The Usefulness of Useless Learning
- devashishsarkar
- Dec 7, 2025
- 6 min read
Updated: Jan 1
December 1, 2025
The question arrives, sooner or later, in every tutoring session I've ever conducted. A student, bright, curious in some domains, dutifully conscientious in others, looks up from a calculus problem or a passage of medieval history and asks, with what sounds like genuine bewilderment but is really something closer to rebellion: "When am I ever going to use this?"
It's a reasonable question, perhaps even an inevitable one. We live in an age that valorizes the practical, the applicable, the immediately monetizable. We've learned to speak of education as investment, of degrees as credentials, of learning itself as the strategic acquisition of marketable skills. The question “When will I use this?” is simply the logical terminus of how we've trained an entire generation to metabolize knowledge. They've learned our language only too well.
But it's the wrong question. Or rather, it's a question that occludes the actual answer before we've had the chance to articulate what education, real education, is actually for.
Let me tell you what my grandfather did, and what it taught me about uselessness.
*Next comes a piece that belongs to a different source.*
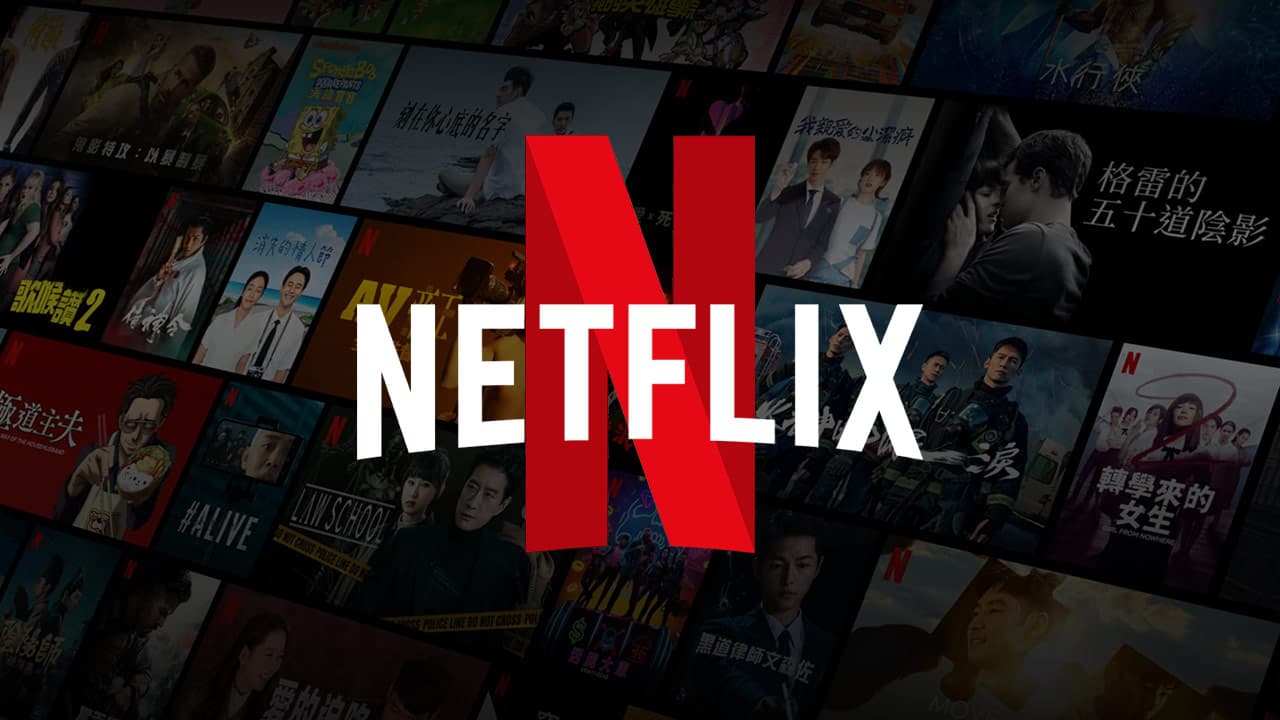 Netflix logosu, farklı film ve dizi afişlerinden oluşan koyu renkli kolajın ortasında yer alıyor.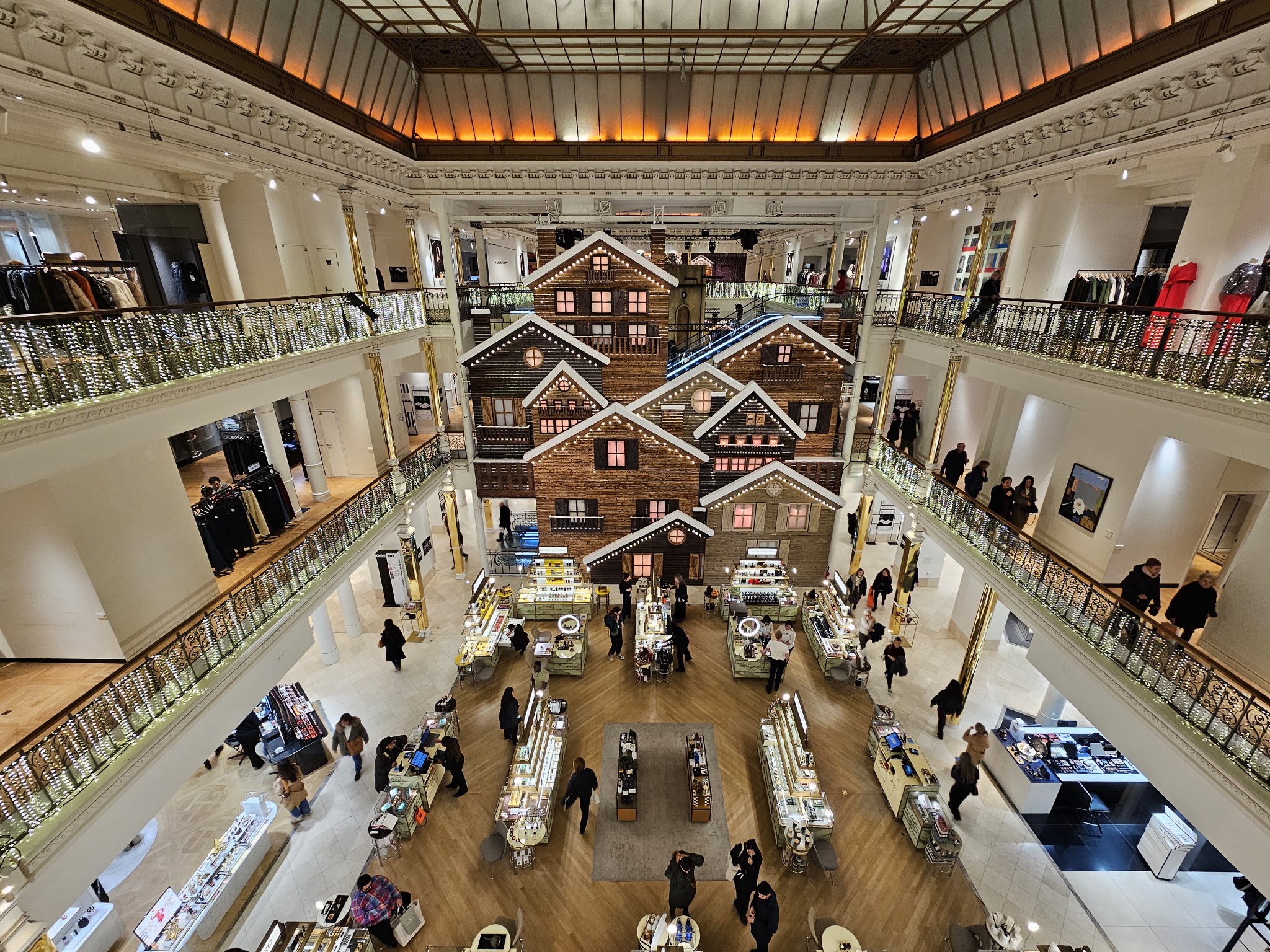 Le Bon Marché - 24 Rue de Sèvres, Paris | Corner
He taught Comparative Philology, the study of how languages evolve and fracture and carry forward the ghost of their ancestry, how Sanskrit and Greek and Latin reveal hidden kinship through grammatical structures, how you can trace a word backward through centuries until it dissolves into the root from which a dozen modern languages secretly descend. Useless knowledge, by any contemporary metric. Unmarketable. Impractical. When, after all, does one "use" Comparative Philology? When does the ability to parse Proto-Indo-European root words translate into professional advancement or quarterly results?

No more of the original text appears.